With interest rates at rock bottom, those accidental savers are now looking for places to invest.
Wealth manager Brewin Dolphin also saw its assets under management rise by 10.5 per cent in the six months to March to £47.6billion, as chief executive Robin Beer said the firm had reached out ‘clients who have been able to accumulate higher levels of savings over the last year’.
The boom at Hargreaves lifted its revenues for the first four months of 2021 to £233.2million, from £190.2million the same time a year earlier.
But the firm is still facing legal action over its promotion of Neil Woodford’s doomed Equity Income fund, which it backed right up until the fund’s suspension in 2019.

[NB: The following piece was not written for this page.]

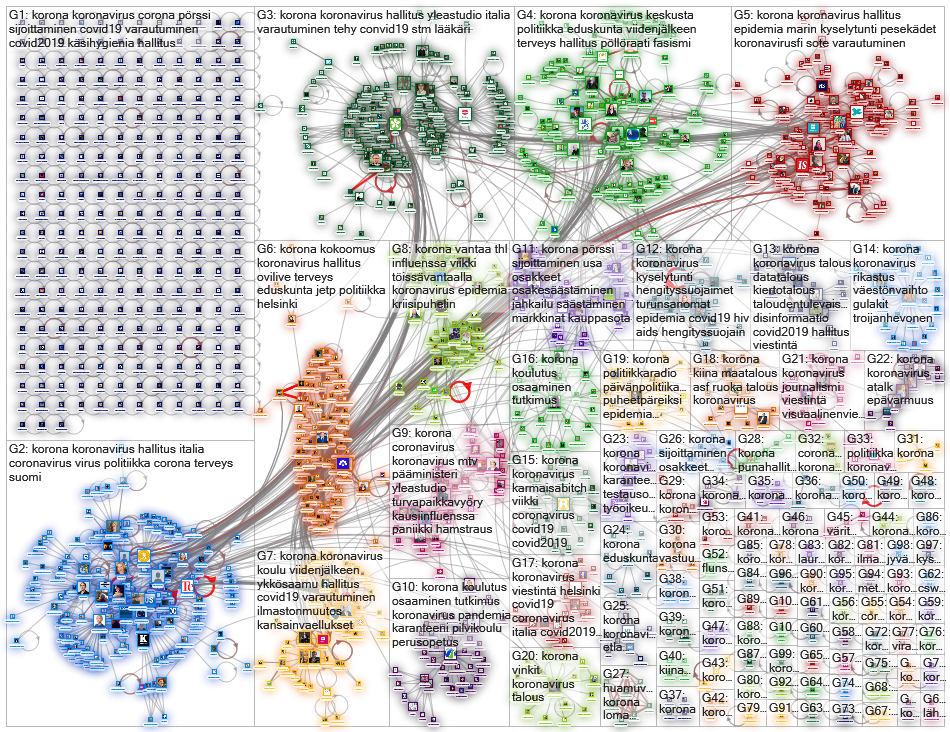 #korona lang:fi Twitter NodeXL SNA Map and Report for maanantai, 02 maaliskuuta 2020 at 13.20 UTC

Hargreaves’ chief executive Chris Hill said trading was driven by the bizarre Gamestop phenomenon which emerged this year.
Gamestop, a little-known and relatively unsuccessful company in the US, saw its share price soar after young people on social media encouraged each other to pile in – purely to deal a blow to the hedge funds which were betting against it.
The anarchist attitude spread to some other stocks, and piqued the interest of savers who began buying the shares in the hope of making a quick profit.
Earlier this week, the City watchdog’s chief executive Nikhil Rathi cautioned that investors could lose their money on speculative trades such as crypto-currencies and Gamestop-style stocks.